Wellbeing Budget 2023

Support for today
Building for tomorrow

Te Ara me te Angana Toiora The Wellbeing Outlook and Approach

Te Anganga Toiora | The Wellbeing Outlook

Budget 2023 is our fifth Wellbeing Budget, in which New Zealanders’ overall wellbeing drives the decisions we make, and we measure progress on a broader range of metrics than the more traditional fiscal and economic considerations. This wellbeing outlook provides an overview of Aotearoa New Zealand’s current state of wellbeing. It provides a short update on the relevant sections of the Budget Policy Statement (BPS) published in December 2022.[2]

New Zealand’s wellbeing at a glance

The Treasury’s first wellbeing report, Te Tai Waiora[3], provided a broad perspective on the range of things that matter for wellbeing. It highlighted that New Zealand is a good place to live in many ways and that many aspects of life have improved over the past 20 years. We enjoy cleaner air, longer life expectancy, and higher incomes. However, New Zealand faces wellbeing challenges, particularly around mental wellbeing, education, and housing quality and affordability – and these challenges tend to be experienced more by our younger people. These issues are long-standing but have not lost their urgency.

New Zealand has relatively high levels of many aspects of wealth to support our future wellbeing. Future New Zealanders will benefit from New Zealand’s increasing stock of physical capital and human capability. High social cohesion bodes well for future wellbeing, although there are challenges to maintaining this.

New Zealand’s strength and resilience to global forces continues to be tested by the combination of an international economic downturn, globally high inflation, and a geopolitical situation dominated by war, trade disputes, and residual supply chain issues. While the economy has fared better than expected, significant challenges remain. Many of the macroeconomic trends identified in December’s BPS have persisted, with a global economic downturn, a tight labour market, and rising interest rates continuing to put pressure on New Zealand’s economy.

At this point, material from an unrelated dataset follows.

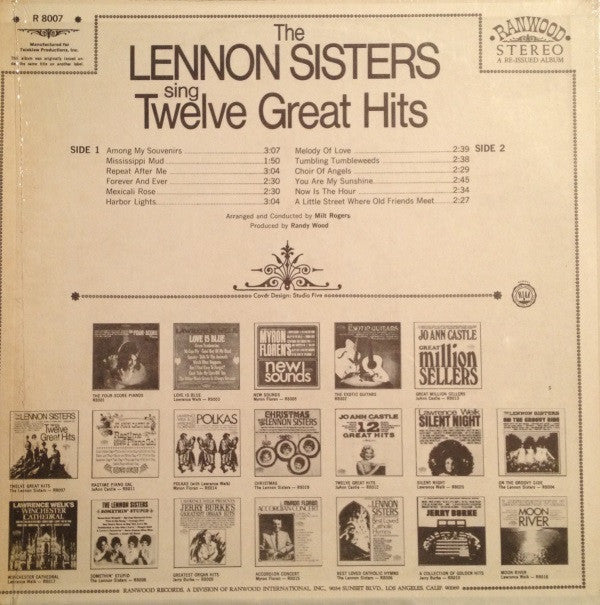 The Lennon Sisters : Twelve Great Hits (LP, RE)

These have contributed to increasing pressure on households as the cost of living increases.

Aspects of the natural environment are deteriorating as a result of intensive resource use and a changing environment. Recent extreme weather events in the North Island highlight that more frequent and severe climate-related hazards are having an effect on individuals, firms, and communities. They also illustrate the importance of building our resilience to climate change and its impacts.

New Zealand has weathered many shocks in recent memory and our wellbeing has generally held up well. Absorbing these shocks has affected our wealth and we need to rebuild our resilience to the future shocks we know will come.

Impact of recent extreme weather events on wellbeing

The Auckland Anniversary Weekend floods and Cyclone Gabrielle caused widespread catastrophic flooding across large parts of the North Island, causing devastation to some communities. Specific impacts (structured under the Treasury’s Living Standards Framework four domains of national wealth) include:

  • Human capability: Eleven fatalities were tragically confirmed from Cyclone Gabrielle, and four from the Auckland Anniversary Weekend floods. Hundreds of people across the North Island had to leave their homes, and many remain unable to return. We know that the personal recovery for those affected by these events is going to be tough. That is why the Government has surged support, including mental wellbeing services, in the affected regions.
  • Natural environment: Significant damage was caused by woody debris (including forestry slash) and sediment. The recently announced Ministerial Inquiry is urgently considering the impact of related land-use practices on the environment and communities. Getting affected rural communities back on their feet as quickly as possible remains a Government priority, given the criticality of our farmers, growers, and other rural businesses to local economies.
  • Social cohesion: The aftermath of the events saw communities come together and support one another, with extraordinary stories of selflessness emerging all over the country. As we recover, we are committed to a locally-led, central Government-supported approach where local voices are heard. This is why we have established lead regional Ministers and bespoke regional recovery structures, which will coordinate regional recovery activities between local and central government, iwi, and community groups in each of the affected areas. The Cyclone Gabrielle Recovery Taskforce (with representatives from business, local government, iwi, and unions) will help to align these locally-led recovery plans with the work of government agencies and the private sector.
  • Financial and physical capital: These events have caused significant damage to homes, businesses, and infrastructure. The Treasury estimates that the damage will total between $9 and $14.5 billion. This comprises $5 – $7.5 billion of damage to central and local government infrastructure (eg, transport and water), as well as losses suffered by households and businesses. The events have also caused an estimated $400 – $600 million in output losses in the first half of 2023, primarily from lost agricultural and horticultural production. Persistent annual losses of approximately $100 million are also anticipated beyond 2023.